Joey’s face puckers. ‘It’s not Monday.’

‘Every day is Monday.’ A perpetual string of Mondays – he does belong in a horror film.

It takes his aching fingers two tries to get the buttons.

‘I made you lunch,’ Joey says, spider-climbing up his doorframe. ‘A surprise lunch. A scrumptious surprise lunch.’

‘That sounds … terrifying.’ Beck balls his holey pyjama shirt and throws it at her face. She gives an indignant squeak and drops from the walls.

To prove his point – OK, fine, because Joey loves a good show of theatrics – Beck drops to his knees, clasps his hands together, and wails like an impaled porpoise. She’s giggling before he even starts to beg.

‘Don’t punish me. Please. What have I done to deserve this torment?’

‘It’s not torment!’ Joey says, indignant. ‘I’m a scrumptious cook. Even if you’re a bad brother for being late yesterday.’

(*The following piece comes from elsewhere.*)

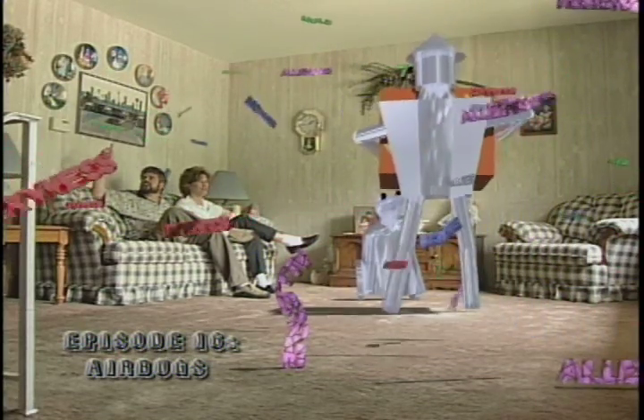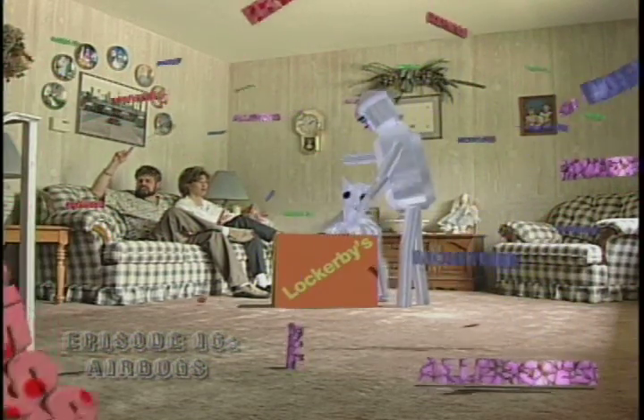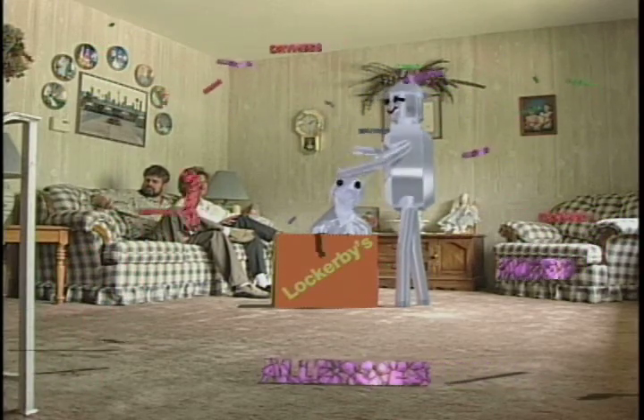Tin Man, our house is full of all of these air bugs. What can we do? Lockerbies has a box full of solutions to zap these air bugs.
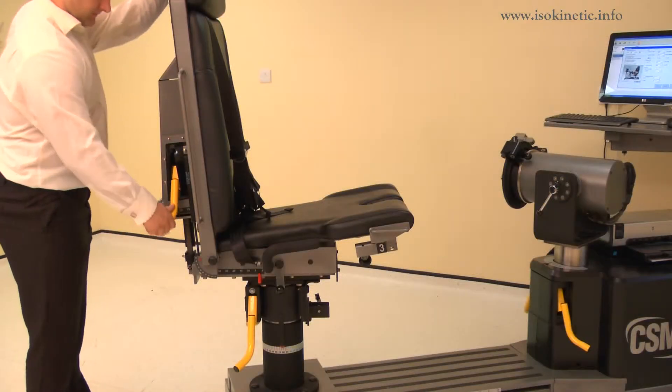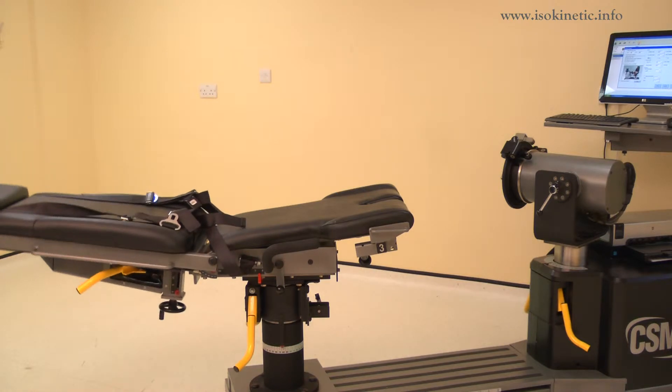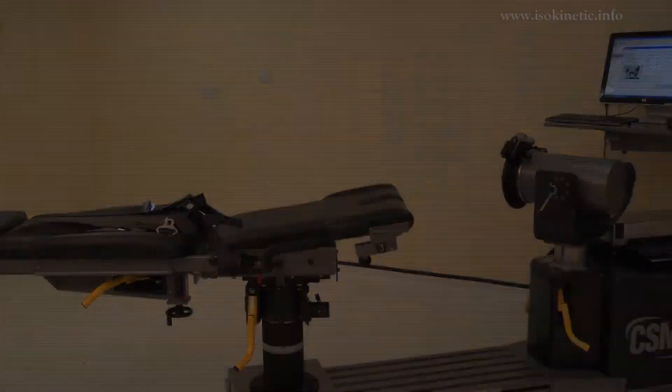To set the chair back angle, lift a locking handle and adjust the chair back. Adjust the back angle to 90 degrees. Ensure both locking handles are pushed down to secure.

That would be on account of his English teacher, Mr Boyne, having a flare up of I-care-about-your-horrible-grades-so-I’m-going-to-bawl-you-out-to-prove-it, which included a demanded display of Beck’s comprehension of the text. The ‘comprehension’ was, of course, non-existent. Hence Beck was late to pick up Joey.

The preschool teacher, whose face reminded him of a king crab, snapped at him about ‘responsibilities’, too.

‘If I was a witch, I’d turn you into a toad,’ Joey says, confidentially, ‘’cause everyone gets mad when we gotta go to the city for you, and Mama says we’re going again soon.’

Beck cringes. There’s a state championship coming up to obligingly stress everyone. Oh joy. And failure, with the Maestro hanging over his shoulder, is not an option.

‘But I’d turn you back into a boy someday,’ Joey says, warming up. ‘’Cause I like you, even if you always play the same notes over and over and over, because Mama says you’re a Schwachkopf—’

Beck covers her mouth. ‘OK, calm down. My delicate self-worth can only take so much. Is the Maestro already foaming at the mouth?’

Joey glares from behind his hand.

He removes it. ‘I’m sorry I play the same song so much. I’m – practising. For that big concert.’ Practise, or the Maestro’s fury will know no bounds.

‘Lean close,’ Joey says, ‘and I’ll whisper I forgive you in your ear.’